Tuesday, June 18, 2013

Goodbye Octrees

It's been a while since I posted an update on the Voxelus project but it has been advancing slowly as time allows.  As with most hobby projects there never seems to be enough time but it's certainly not defunct and I enjoy fiddling with it when I can pull myself away from the Kerbal Space Program!

Framework Switch

Most of the changes however are fairly invisible from the outside, one of the largest for example was changing C++ framework from the commercial one that I use and help develop at work to an entirely new one of my own creation.  Although a considerable amount of work, I was finding the constantly moving goalposts of using a framework being actively developed for other purposes frustrating, as was the ever increasing complexity it brought.

By creating my own framework I am now entirely in control and can create one that works exactly as I want and is only as complex as necessary to achieve my goals.  Another benefit is that because it's now 100% my own code should I ever wish to distribute source for any of my projects I can do so freely without worrying about copyright or IP ownership issues.

Goodbye Octrees

Apart from changes to the underlying code structure, the biggest change to the project and definitely the largest consumer of development effort is my move away from sparse voxel octrees.  I had started out using SVOs as they have been receiving quite a lot of coverage recently and they felt like a good way to experiment with raycasting voxels.  While they work well for relatively small bounded areas I was having trouble working out a way to make them scale sufficiently to encompass an entire planet - my stated goal for this project.

The main problem with the SVO approach was the number of levels of data necessary to represent a planet to a sufficient fidelity.  Using some basic arithmetic I worked out that I would need 22 levels of voxel data to represent a cube of space 25,000 km on a side (roughly twice the size of the Earth) down to a resolution of 4.5 cm per voxel which I felt would be sufficient for walking around on the surface.  Ignoring the issues of storage, having to recurse down up to 22 levels of octree every step along every pixel ray reading index and data textures at every iteration felt like asking too much of the GPU.

The problem can be simplified somewhat by restricting the number of levels actually being used in any given frame to a sensible range based on the distance of the viewpoint from the surface - my guesstimate at the moment is using ten of the 22 levels - but you either need to still recurse down from the root to get to the first of the ten levels of interest or you need some sort of strategy allowing you to jump in to the octree structure at any given level and point in space.  Neither of these felt like problems I wanted to tackle.

I decided instead to ditch the octree structure altogether and move instead to a clipmap based system.  I had used clipmaps previously on other terrain based projects for rendering heightfields where they provide a relatively simple and effective solution for storing, streaming and rendering multi-resolution data so I thought I would be able to drop them in fairly easily to this current project.  Well...sort of.

Clipmap Background

Clipmaps have been around for a long time, there is a SGI paper on them from 2004 for example or more recently an article on using them for terrain rendering in GPU Gems 2, Miguel Cepero also appears to use them in 3D in his Voxel Farm Engine project.

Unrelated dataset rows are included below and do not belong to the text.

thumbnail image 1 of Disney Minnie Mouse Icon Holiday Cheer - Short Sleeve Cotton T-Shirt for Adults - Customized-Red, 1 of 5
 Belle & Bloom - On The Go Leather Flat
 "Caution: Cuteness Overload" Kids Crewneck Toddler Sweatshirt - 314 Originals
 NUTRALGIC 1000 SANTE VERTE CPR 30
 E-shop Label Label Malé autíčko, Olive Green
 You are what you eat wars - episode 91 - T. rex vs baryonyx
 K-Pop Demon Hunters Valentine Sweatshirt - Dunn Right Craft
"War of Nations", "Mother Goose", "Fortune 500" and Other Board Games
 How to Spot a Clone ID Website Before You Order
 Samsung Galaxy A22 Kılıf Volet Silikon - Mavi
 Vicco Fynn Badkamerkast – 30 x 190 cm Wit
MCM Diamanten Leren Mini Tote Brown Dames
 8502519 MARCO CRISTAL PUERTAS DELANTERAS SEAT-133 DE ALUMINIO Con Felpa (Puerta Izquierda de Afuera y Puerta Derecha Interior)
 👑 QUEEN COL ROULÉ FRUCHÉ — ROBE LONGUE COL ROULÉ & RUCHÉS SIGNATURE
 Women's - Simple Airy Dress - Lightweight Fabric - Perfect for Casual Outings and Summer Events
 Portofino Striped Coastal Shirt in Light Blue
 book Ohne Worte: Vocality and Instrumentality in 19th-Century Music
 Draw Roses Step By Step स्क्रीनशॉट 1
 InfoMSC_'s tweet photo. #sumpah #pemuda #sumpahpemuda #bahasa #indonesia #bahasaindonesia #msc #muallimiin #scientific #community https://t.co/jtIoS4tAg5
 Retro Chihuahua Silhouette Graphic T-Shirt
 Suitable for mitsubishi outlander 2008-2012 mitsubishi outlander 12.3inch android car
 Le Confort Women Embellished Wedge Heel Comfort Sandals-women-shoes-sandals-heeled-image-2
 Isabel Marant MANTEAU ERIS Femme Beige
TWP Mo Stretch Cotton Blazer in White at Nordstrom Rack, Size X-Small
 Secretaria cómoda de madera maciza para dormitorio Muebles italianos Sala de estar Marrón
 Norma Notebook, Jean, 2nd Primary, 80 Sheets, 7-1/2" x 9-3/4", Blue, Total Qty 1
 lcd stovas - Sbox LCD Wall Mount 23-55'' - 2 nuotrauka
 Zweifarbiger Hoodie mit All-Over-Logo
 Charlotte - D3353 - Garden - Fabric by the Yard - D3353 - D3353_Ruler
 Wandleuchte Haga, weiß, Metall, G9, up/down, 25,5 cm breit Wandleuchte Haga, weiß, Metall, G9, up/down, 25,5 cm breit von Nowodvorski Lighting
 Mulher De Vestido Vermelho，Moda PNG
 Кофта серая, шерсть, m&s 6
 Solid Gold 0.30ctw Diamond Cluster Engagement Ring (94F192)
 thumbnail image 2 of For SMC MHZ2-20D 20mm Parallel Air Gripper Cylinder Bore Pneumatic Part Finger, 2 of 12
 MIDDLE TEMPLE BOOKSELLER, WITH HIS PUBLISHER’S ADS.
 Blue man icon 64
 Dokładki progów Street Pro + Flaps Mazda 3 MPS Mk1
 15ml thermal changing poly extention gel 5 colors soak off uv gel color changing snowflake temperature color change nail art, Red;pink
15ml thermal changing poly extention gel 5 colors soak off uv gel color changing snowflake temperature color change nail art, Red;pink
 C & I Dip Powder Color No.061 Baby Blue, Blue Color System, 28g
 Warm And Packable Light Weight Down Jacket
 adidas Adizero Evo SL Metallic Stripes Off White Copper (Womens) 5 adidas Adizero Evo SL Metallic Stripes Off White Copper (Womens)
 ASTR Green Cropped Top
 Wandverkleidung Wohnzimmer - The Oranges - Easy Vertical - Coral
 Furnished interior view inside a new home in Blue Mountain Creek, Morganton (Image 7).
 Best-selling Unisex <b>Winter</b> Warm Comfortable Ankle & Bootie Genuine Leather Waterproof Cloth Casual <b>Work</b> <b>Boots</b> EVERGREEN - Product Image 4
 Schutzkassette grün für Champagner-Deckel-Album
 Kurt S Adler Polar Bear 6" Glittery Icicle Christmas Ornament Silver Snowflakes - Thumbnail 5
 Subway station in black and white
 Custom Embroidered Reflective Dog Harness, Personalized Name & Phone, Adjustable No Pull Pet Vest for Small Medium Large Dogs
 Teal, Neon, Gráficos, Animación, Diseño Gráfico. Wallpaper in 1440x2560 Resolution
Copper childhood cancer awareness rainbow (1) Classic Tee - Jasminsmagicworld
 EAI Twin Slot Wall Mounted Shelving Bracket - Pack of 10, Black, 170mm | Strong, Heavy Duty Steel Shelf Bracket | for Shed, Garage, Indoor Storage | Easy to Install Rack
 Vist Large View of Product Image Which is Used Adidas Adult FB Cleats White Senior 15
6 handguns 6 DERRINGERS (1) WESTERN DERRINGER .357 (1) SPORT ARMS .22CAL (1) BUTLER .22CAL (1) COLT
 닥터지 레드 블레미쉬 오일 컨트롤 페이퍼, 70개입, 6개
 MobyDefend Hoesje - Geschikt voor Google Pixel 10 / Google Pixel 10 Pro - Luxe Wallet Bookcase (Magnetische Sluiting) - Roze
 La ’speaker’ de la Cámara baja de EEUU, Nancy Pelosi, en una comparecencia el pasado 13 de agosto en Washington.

Essentially they provide a way to scroll a potentially infinite data field through a fixed size multi-resolution cache.  If you are familiar with mip-maps you can think of the 2D case as being somewhat like a reverse mip-map, instead of each level of data representing the same area of space but at half the resolution, in a clipmap each level of data is the same resolution and instead represents an area of space twice the size of the preceding level.
Three levels of a 4x4 clipmap illustrating how each level is the same resolution but covers four times the area of the preceding level at quarter the data density
So for example, if the first level of the clipmap stores a 1 km square of terrain in a 512x512 grid, the second level would store a 2 km square also in a 512x512 grid while the third level would store a 4 km square once again in a 512x512 grid.  It can be easily seen here that each level is storing four times the area of the preceding one, a geometric progression that allows huge areas to be covered with a relatively low number of levels.

When rendering with clipmaps you centre each level around the viewpoint so the highest fidelity data from the first level represents the terrain closest to the camera, the next level the data a little further away and so on.  As perspective is reducing the size of features on-screen anyway the drop in resolution with distance provides a natural level of detail scheme.

A key trick for efficiency when moving clipmaps around your data set is to think of the mapping of terrain to the clipmap buffers in memory as toroidal so instead of having to copy all the data around as the viewpoint moves you simply write the new data that's just moved into range over the old data that's just moved out of range.  In this way the minimum amount of memory is rewritten and because the clipmaps never actually change size or move away from the viewpoint you don't get any numerical precision issues during rendering facilitating an effectively infinite data set.

For a system like Voxelus where creating or loading the data for a region can take a number of frames and it's possible to move the viewpoint rapidly around you do get inevitable flicker if the data for the new region can't be copied in fast enough but unnecessary flickering can be minimised by keeping a border around the edge of the clipmap that isn't normally rendered.  When the viewpoint moves at a more measured pace this extra data gives you something to render while the new data is paged in.  Of course the faster your viewpoint moves the wider this band of pre-prepared data must be to avoid flickering so it's a trade-off of memory versus visual artifacts.

Adding Dimensions...

As I said I had used 2D clipmaps before in a fairly traditional heightfield renderer but to use them for rendering a volumetric planet it would appear that I had to extend them to work in 3D, but as I was looking to render a set of ten levels from my full planet sized 22 level data set I actually had to implement a four dimensional clipmap arrangement as the renderable data set scrolls not just in the X, Y and Z spacial axes but also along the W axis representing which level of data to use as the viewpoint moves closer to and further away from the surface.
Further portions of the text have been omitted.